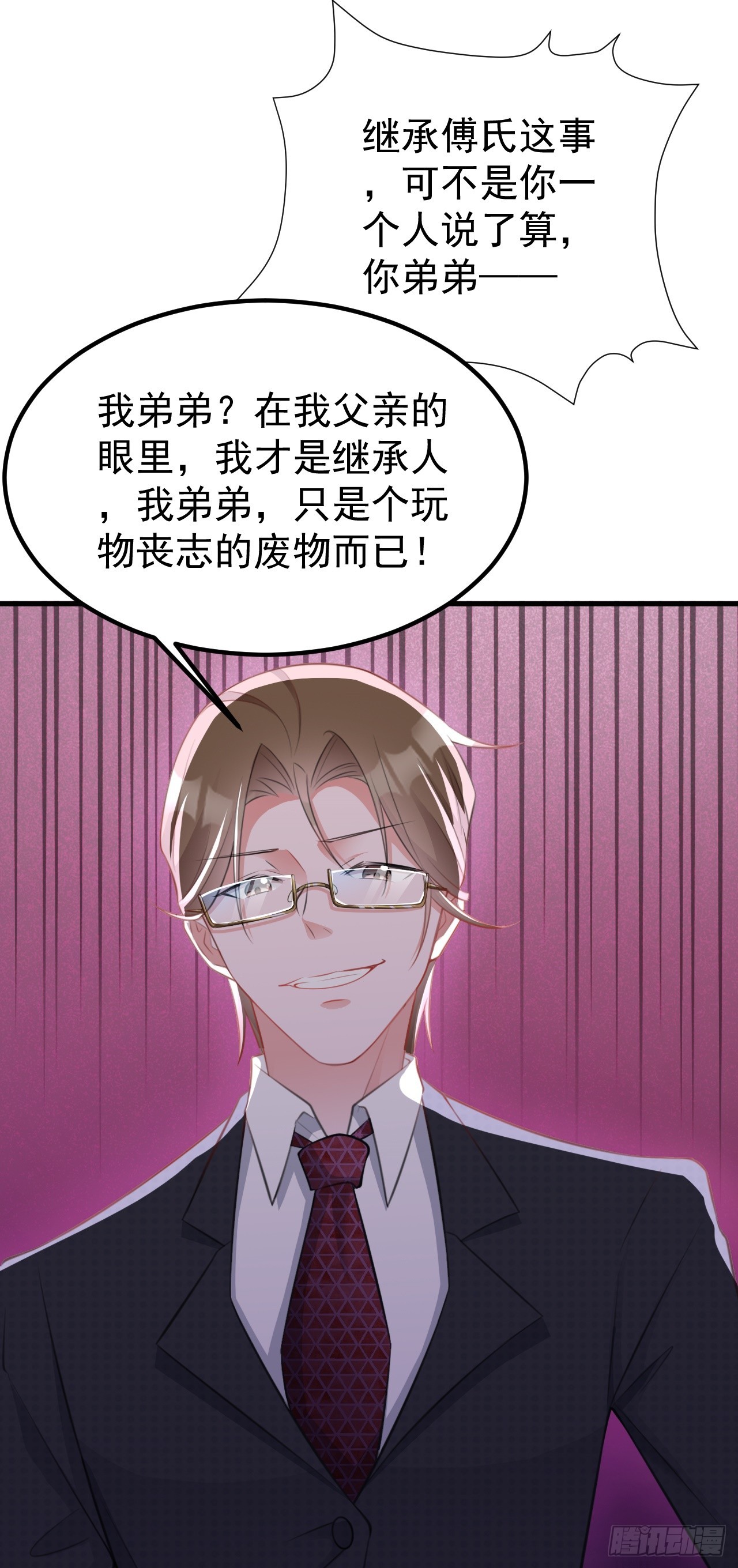 🍶超级绿茶系统 第27话 扭转乾坤 第24页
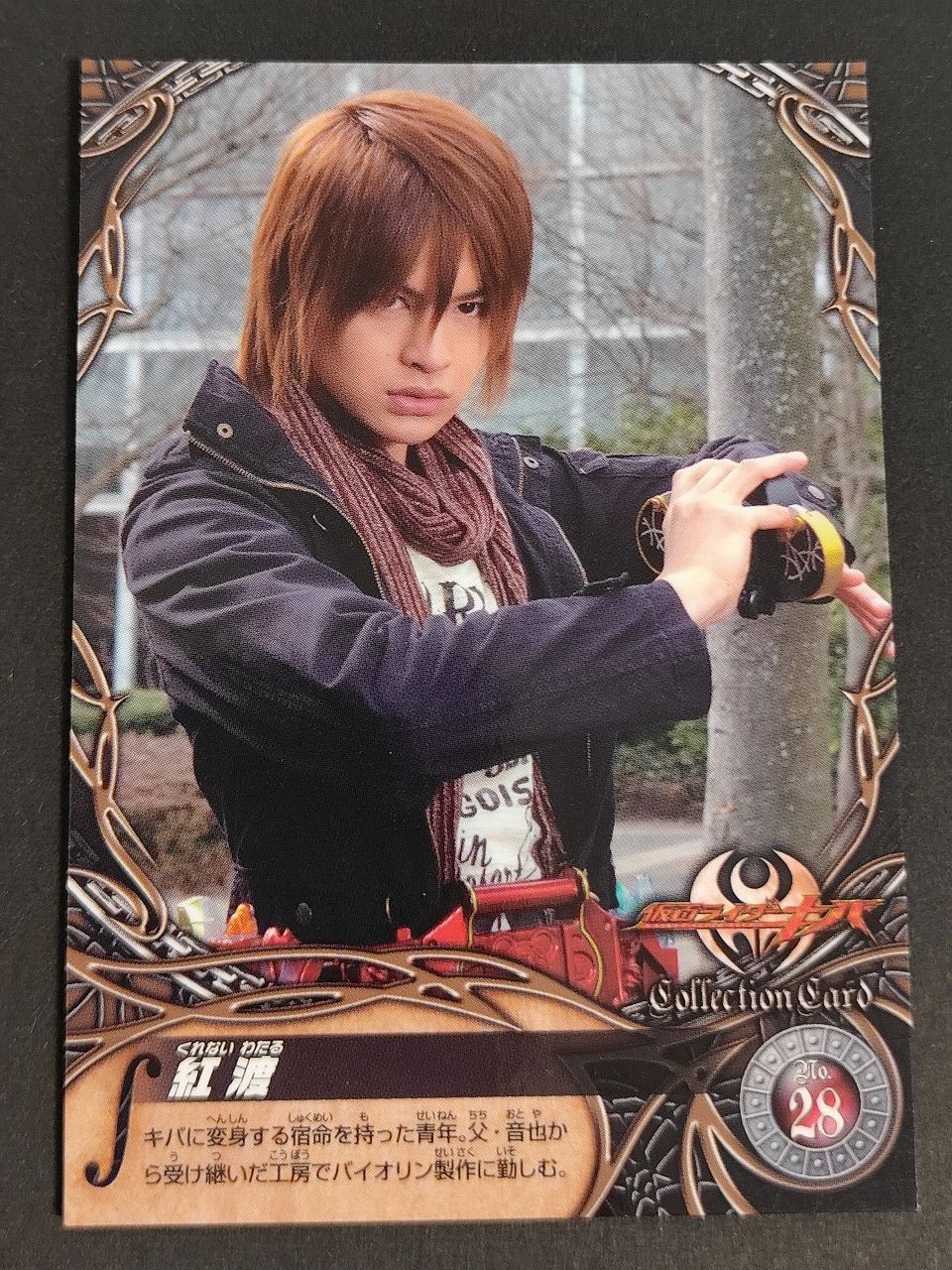 aca459 紅渡 瀬戸康史 仮面ライダーキバ エンスカイ カード - メルカリ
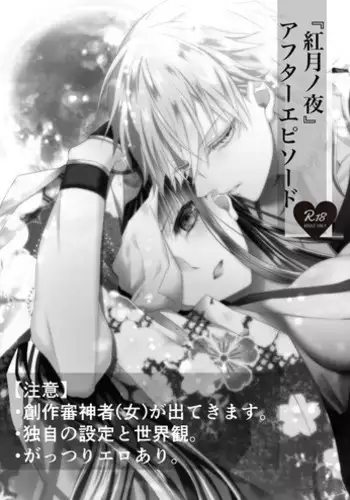 [Yamato Hotaru] After Episode (Touken Ranbu)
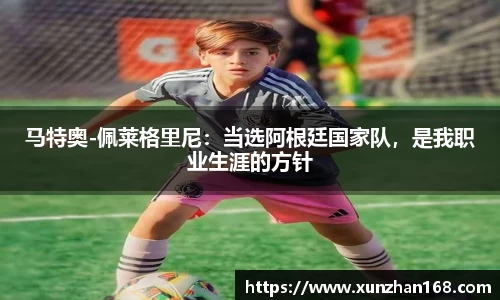 马特奥-佩莱格里尼：当选阿根廷国家队，是我职业生涯的方针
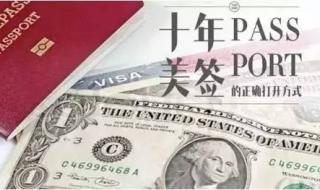 美国探亲签证容易过吗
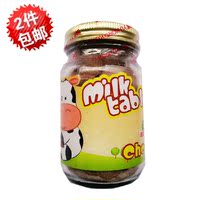 新品特价泰国进口BBRED点点龙大人儿童巧克力味牛奶片100g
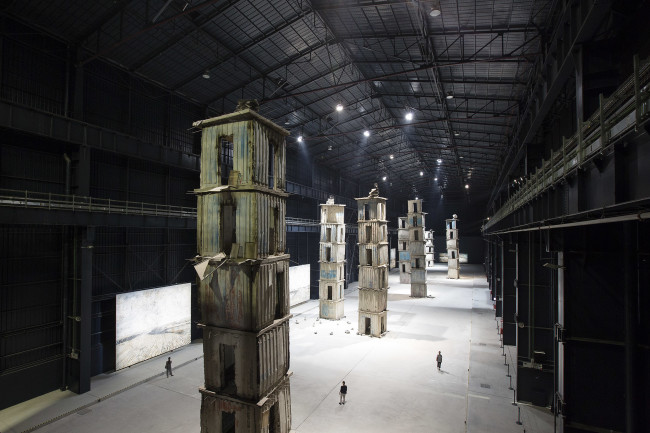 Pirelli HangarBicocca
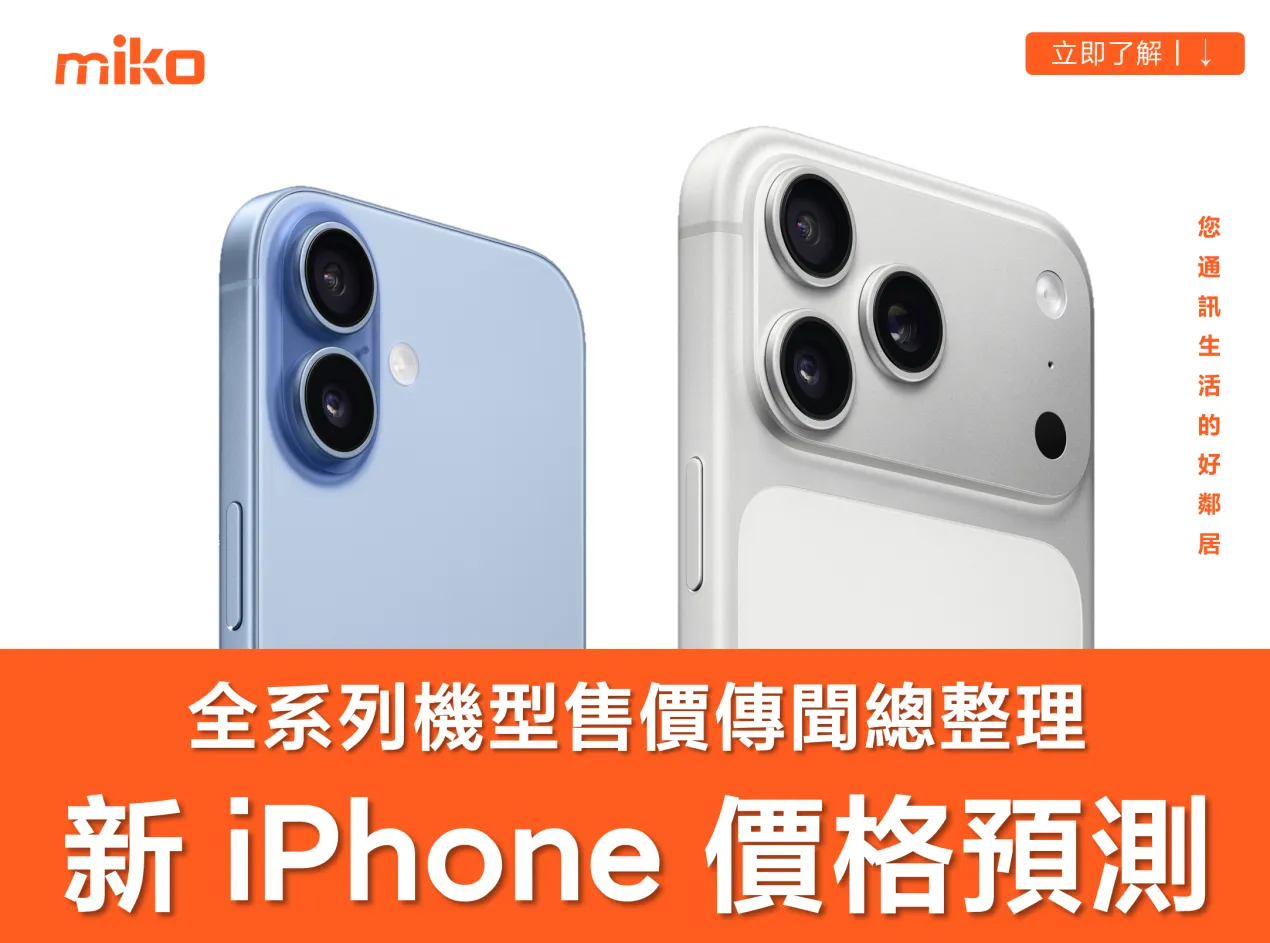 【2026 新 iPhone 價格預測】會漲價嗎?各機型台幣售價傳聞總整理 【2026 新 iPhone 價格預測】會漲價嗎?各機型台幣售價傳聞總整理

**Work to be completed**
Print the material in full and exactly; the pictures must not be printed.

**Finished exercise**
 🍶超级绿茶系统 第27话 扭转乾坤 第24页
 aca459 紅渡 瀬戸康史 仮面ライダーキバ エンスカイ カード - メルカリ
 [Yamato Hotaru] After Episode (Touken Ranbu)
 马特奥-佩莱格里尼：当选阿根廷国家队，是我职业生涯的方针
 美国探亲签证容易过吗
 新品特价泰国进口BBRED点点龙大人儿童巧克力味牛奶片100g
 Pirelli HangarBicocca
 【2026 新 iPhone 價格預測】會漲價嗎?各機型台幣售價傳聞總整理 【2026 新 iPhone 價格預測】會漲價嗎?各機型台幣售價傳聞總整理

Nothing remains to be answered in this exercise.